| Source information |
==*==

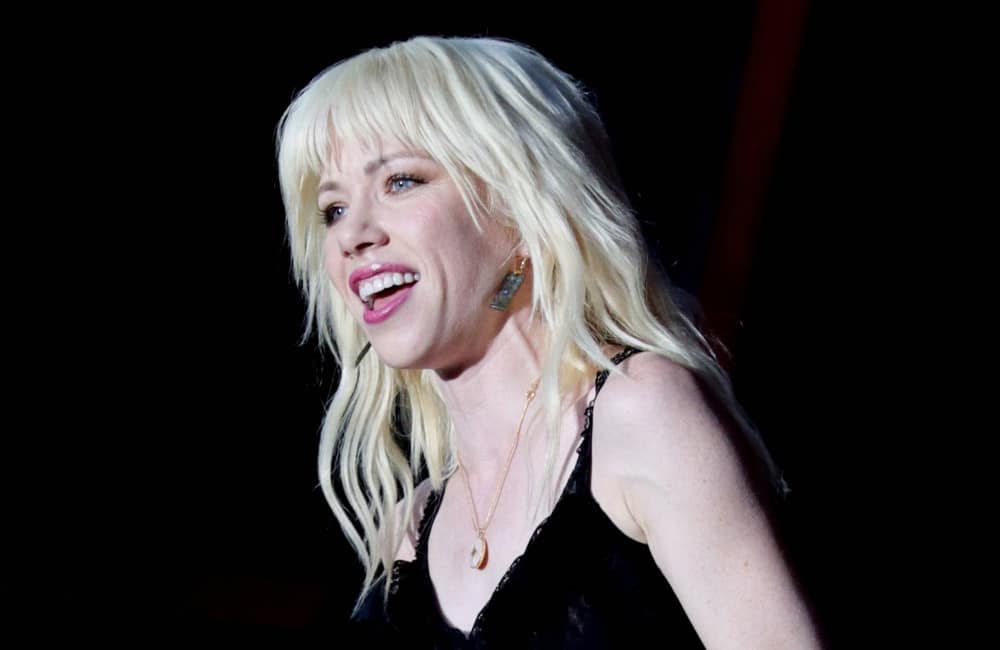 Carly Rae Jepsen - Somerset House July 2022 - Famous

==*==

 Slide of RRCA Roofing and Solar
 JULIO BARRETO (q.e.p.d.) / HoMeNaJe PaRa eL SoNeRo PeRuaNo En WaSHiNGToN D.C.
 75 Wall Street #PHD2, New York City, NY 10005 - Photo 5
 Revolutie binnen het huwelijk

==*==

| Assignment |
Look through the entries above and quote exactly the lines from the line with "Slide of RRCA Roofing and Solar" to the line with "Revolutie binnen het huwelijk", counting both of those lines.

| Response box |
 Slide of RRCA Roofing and Solar
 JULIO BARRETO (q.e.p.d.) / HoMeNaJe PaRa eL SoNeRo PeRuaNo En WaSHiNGToN D.C.
 75 Wall Street #PHD2, New York City, NY 10005 - Photo 5
 Revolutie binnen het huwelijk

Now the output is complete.